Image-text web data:
────────────────────────────────────────

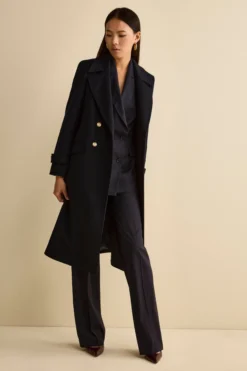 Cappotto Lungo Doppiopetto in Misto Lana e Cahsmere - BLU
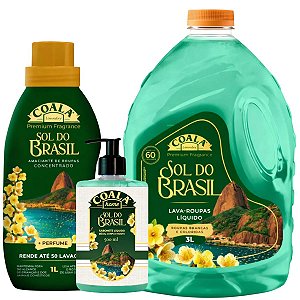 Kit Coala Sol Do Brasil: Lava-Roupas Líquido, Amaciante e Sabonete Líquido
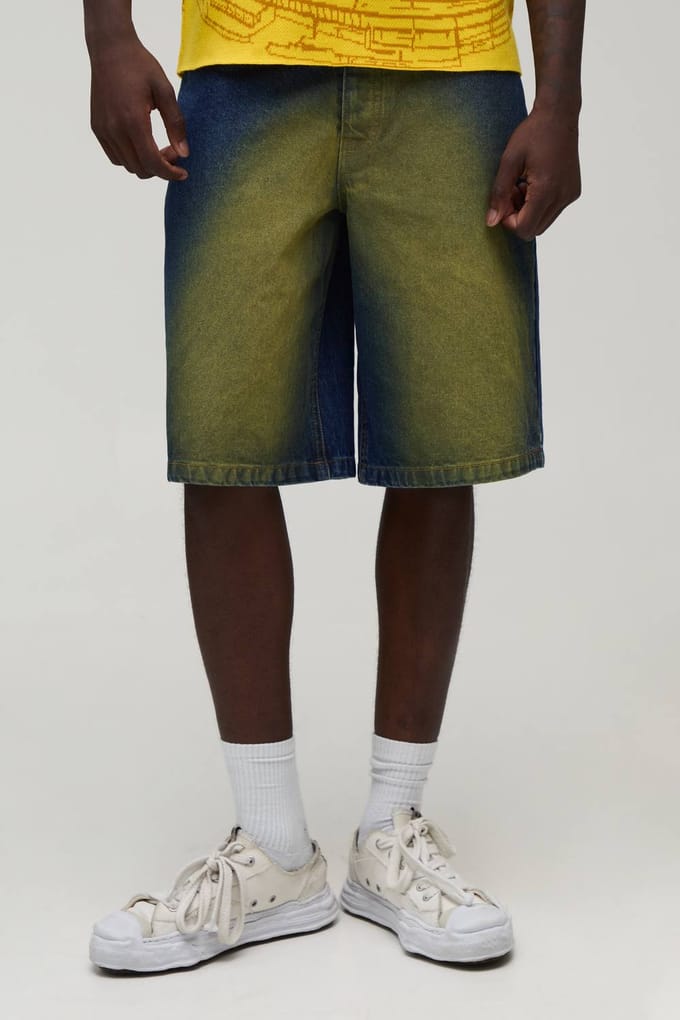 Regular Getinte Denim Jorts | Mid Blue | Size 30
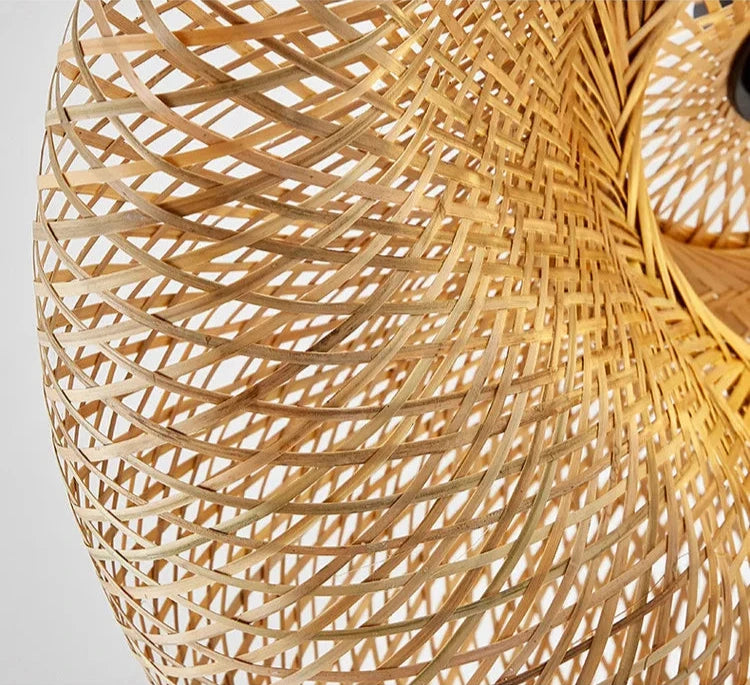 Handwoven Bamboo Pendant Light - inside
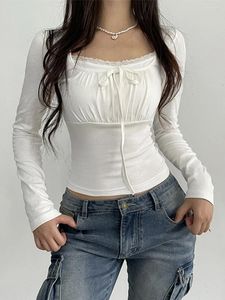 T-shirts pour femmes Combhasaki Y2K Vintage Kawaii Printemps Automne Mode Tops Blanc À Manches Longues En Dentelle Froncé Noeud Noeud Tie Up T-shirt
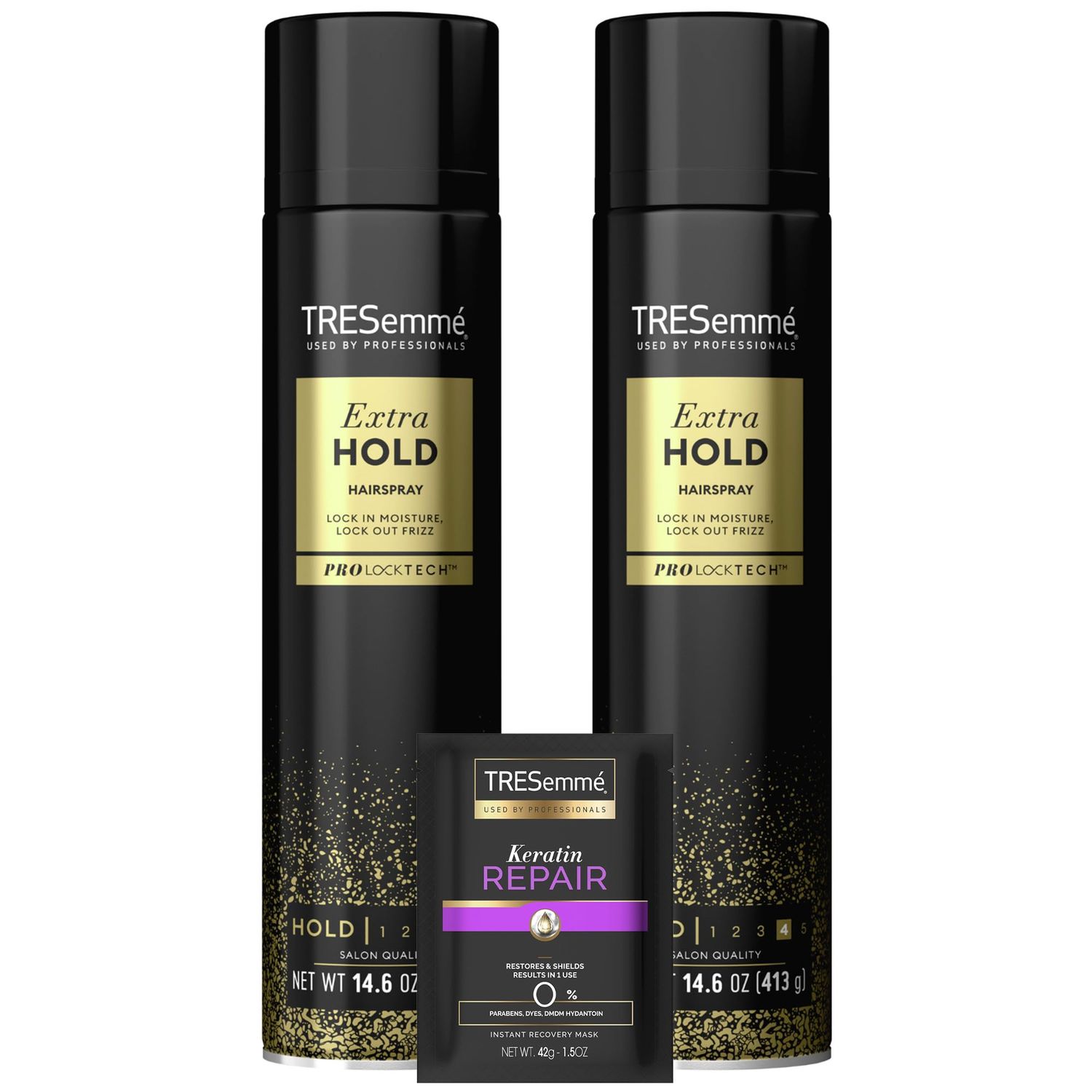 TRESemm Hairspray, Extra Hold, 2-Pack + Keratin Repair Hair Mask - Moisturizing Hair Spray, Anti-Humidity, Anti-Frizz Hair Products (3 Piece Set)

────────────────────────────────────────

The records above are to be transcribed in full, with images omitted.

 Cappotto Lungo Doppiopetto in Misto Lana e Cahsmere - BLU
 Kit Coala Sol Do Brasil: Lava-Roupas Líquido, Amaciante e Sabonete Líquido
 Regular Getinte Denim Jorts | Mid Blue | Size 30
 Handwoven Bamboo Pendant Light - inside
 T-shirts pour femmes Combhasaki Y2K Vintage Kawaii Printemps Automne Mode Tops Blanc À Manches Longues En Dentelle Froncé Noeud Noeud Tie Up T-shirt
 TRESemm Hairspray, Extra Hold, 2-Pack + Keratin Repair Hair Mask - Moisturizing Hair Spray, Anti-Humidity, Anti-Frizz Hair Products (3 Piece Set)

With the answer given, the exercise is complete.